:: DATA SECTION

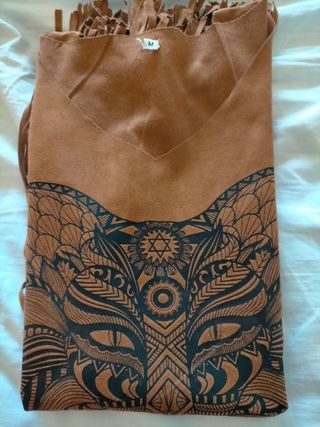 Chaleco con flecos y estampado de zorro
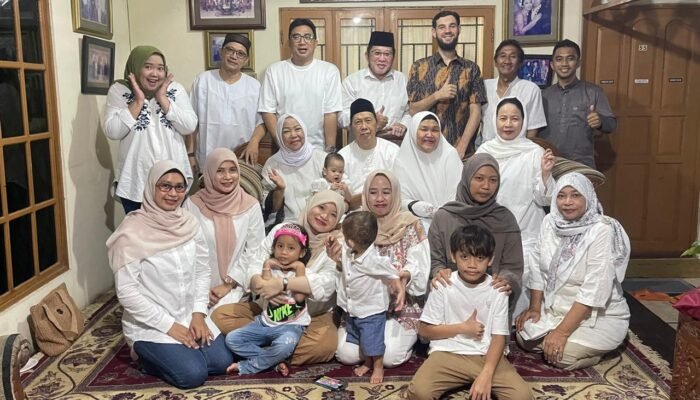 Keluarga Besar Gubernur Pertama Kalsel Syarkawi Adakan Silaturahmi dan Buka Puasa Bersama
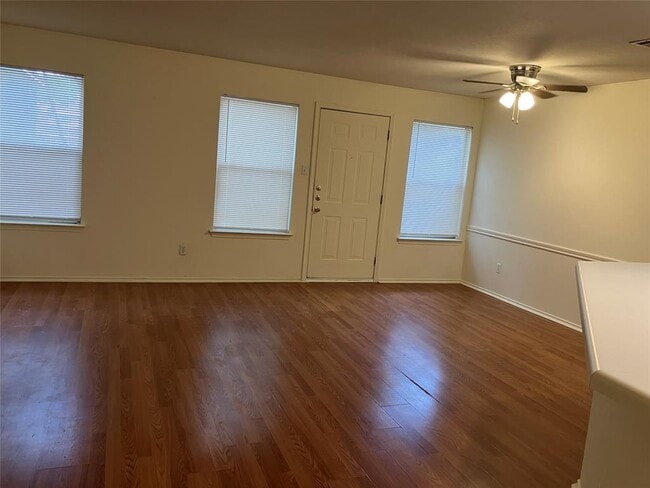 Building Photo - 9629 Sugar Hill Dr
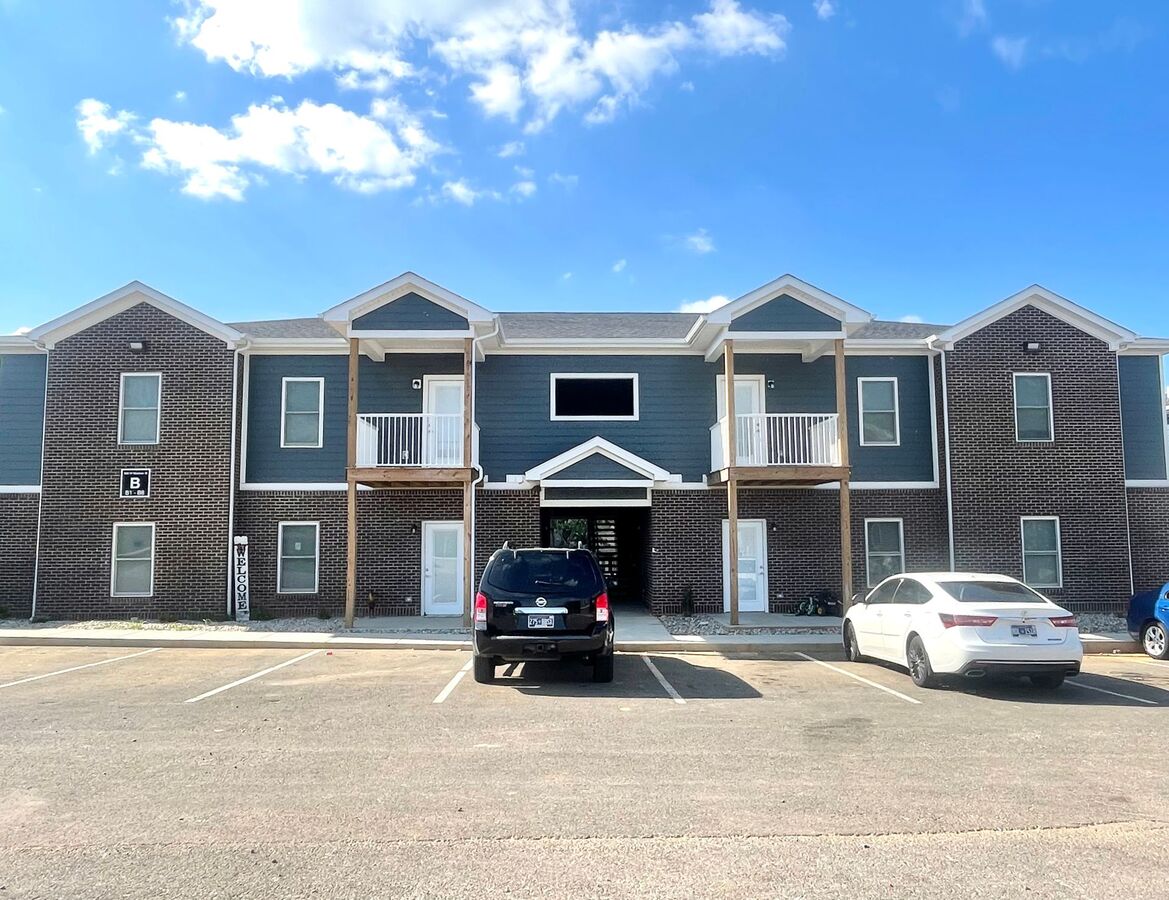 Franklin Oaks Apartments 965 W Madison St Franklin, KY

::::

** WHAT YOU HAVE TO DO **
Give back exactly the lines from the line with "Keluarga Besar Gubernur" through the end of the material above, inclusive, with no pictures.

** EXERCISE SOLUTION **
 Keluarga Besar Gubernur Pertama Kalsel Syarkawi Adakan Silaturahmi dan Buka Puasa Bersama
 Building Photo - 9629 Sugar Hill Dr
 Franklin Oaks Apartments 965 W Madison St Franklin, KY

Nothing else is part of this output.